On May 15, 2018, the Federal Circuit granted BigCommerce, Inc.’s petition for a writ of mandamus and held that — for purposes of determining venue under 28 U.S.C. § 1400(b) — a domestic corporation incorporated in a state having multiple judicial districts “resides” in the judicial district where it maintains its principal place of business. In re BigCommerce, Inc., 2018-120, 122, at *13 (May 15, 2018). Accordingly, for BigCommerce, a Texas corporation, venue is proper under the first prong of § 1400(b) only in the Western District of Texas, because its headquarters are located in Austin.
BigCommerce is the latest in a series of mandamus actions addressing the effects of the Supreme Court’s decision in TC Heartland, which reaffirmed that a domestic defendant corporation “resides” under § 1400(b) only in its state of incorporation.

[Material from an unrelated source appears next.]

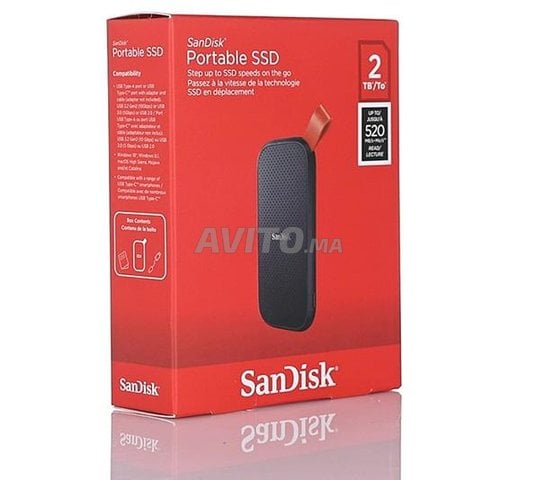 SanDisk Disque SSD Externe 2To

See In re Cray Inc., 871 F.3d 1355 (Fed. Cir. 2017); In re Micron Tech., Inc., 875 F.3d 1091 (Fed. Cir. 2017). District courts have been divided with regard to the meaning of “resides” in the patent-specific venue statute for a multi-district state. The Federal Circuit settled this issue by concluding that a plain reading of the statutory language of § 1400(b) (“in the judicial district where the defendant resides”) connotes only one particular judicial district in the state and observed that Congress knew how to authorize venue in all judicial districts by saying “any judicial district.” This view is supported by the Supreme Court’s decision in Stonite Products Co. v. Melvin Lloyd Co., 315 U.S. 561 (1942), which stands for the proposition that “a corporation incorporated in a multi-district state is not a resident of every district in the state.”
The Federal Circuit further clarified that, when a corporation has facilities in more than one district in the state, venue is proper in the judicial district where the principal place of business is located as determined in accordance with the Supreme Court’s diversity jurisdiction precedents: a corporation’s principal place of business is its headquarters, the nerve center, and where a corporation’s officers direct, control, and coordinate the corporation’s activities. Where a corporation’s principal place of business is located outside of the state in which it is incorporated, for venue purposes, the corporate defendant will be deemed “to reside in the district in which its registered office, as recorded in its corporate filings, is located.”
What This Means for You
BigCommerce shows that the contours of venue after TC Heartland are still being defined. While corporations incorporated in a state with a single judicial district (e.g., Delaware) are not likely to be affected by this decision, BigCommerce allows corporations that are incorporated in multi-district states (e.g., Texas, California) to have more control over where venue can be laid under the first prong of § 1400(b).